Quand et comment cette licence est-elle née ? Je travaille dans la sécurité informatique depuis 2002. à l’époque on parlait très peu de cybersécurité. Puis on s’est rendu compte, au fil du temps, de l’importance du piratage. J’ai donc créé cette licence en septembre 2008 à Maubeuge.
Les cyberattaques sont-elles devenues un fléau ? Oui, et concernent tout le monde. Les professionnels, les services publics comme les particuliers sont visés chaque jour et chaque nuit.
Quels types d’agressions visent les particuliers ? Si vous êtes faillible, les pirates peuvent utiliser votre adresse IP grâce à des outils automatiques, de façon aléatoire. Ils prennent alors possession de vos machines pour, par exemple, attaquer une banque sans être repérés. Charge ensuite à vous de prouver votre innocence. Ils sont aussi capables de contrôler votre webcam via un trojan (ndlr : un cheval de Troie), regardant ce qui se passe chez vous à votre insu. J’ai déjà rencontré ce cas de figure : des gens ont été filmés au cours d’un acte, disons, très privé. Les vidéos servaient ensuite un chantage…

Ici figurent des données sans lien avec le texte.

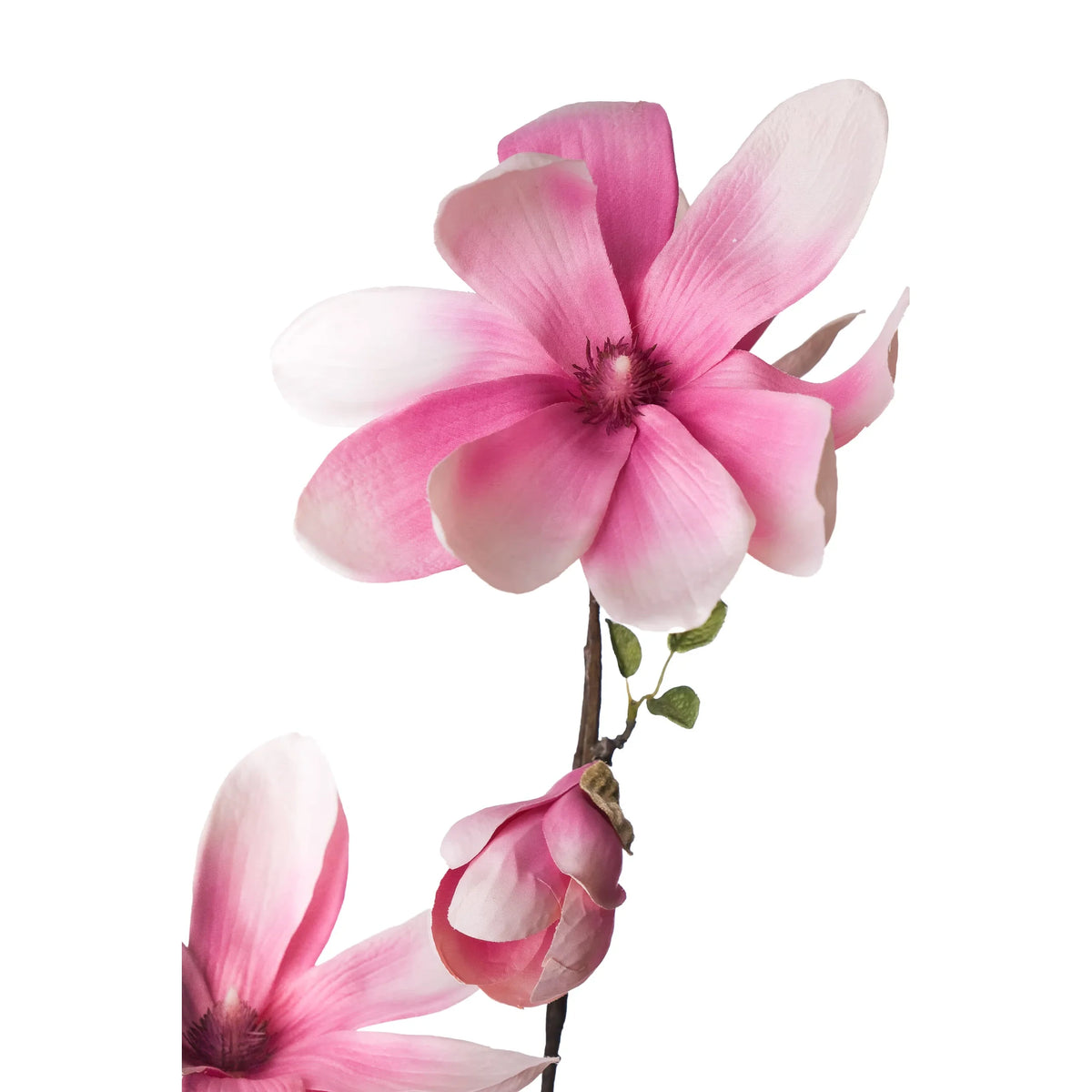 Magnolia artificial Grande de 145 cm, color rosa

Qu’en est-il du “ransomware”, le logiciel de rançon ? Il concerne plutôt les entreprises. C’est simple : le pirate envoie un mail quelconque avec une pièce attachée. En cliquant sur le lien, la victime installe sans le savoir le “ransomware”, qui chiffre la machine. Toutes les données deviennent dès lors inaccessibles. Pour débloquer la situation, il faut une clé de déchiffrement, que le pirate cèdera moyennant une somme d’argent. C’est une sorte de kidnapping.
Avez-vous des exemples de cyberattaques spectaculaires ? Toutes ne sont pas nécessairement très poussées. Une partie de notre enseignement concerne ainsi le “social engineering”, un type d’escroquerie psychologique s’appuyant sur les failles humaines. Par exemple, il y a une arnaque très courante, dite du “président “. Nausicaá, à Boulogne-sur-Mer, a en été la proie en 2014. Le pirate a observé comment fonctionnait l’entreprise, infiltrant le réseau interne. Il a découvert qui était le comptable et l’agenda du président. Il a profité d’une de ses absences pour se faire passer pour lui par mail et par téléphone, expliquant qu’il voulait acheter une baleine et avait immédiatement besoin d’argent. Le service comptabilité s’est exécuté et a effectué un virement de près de 600 000 euros, avant de se rendre compte de la supercherie.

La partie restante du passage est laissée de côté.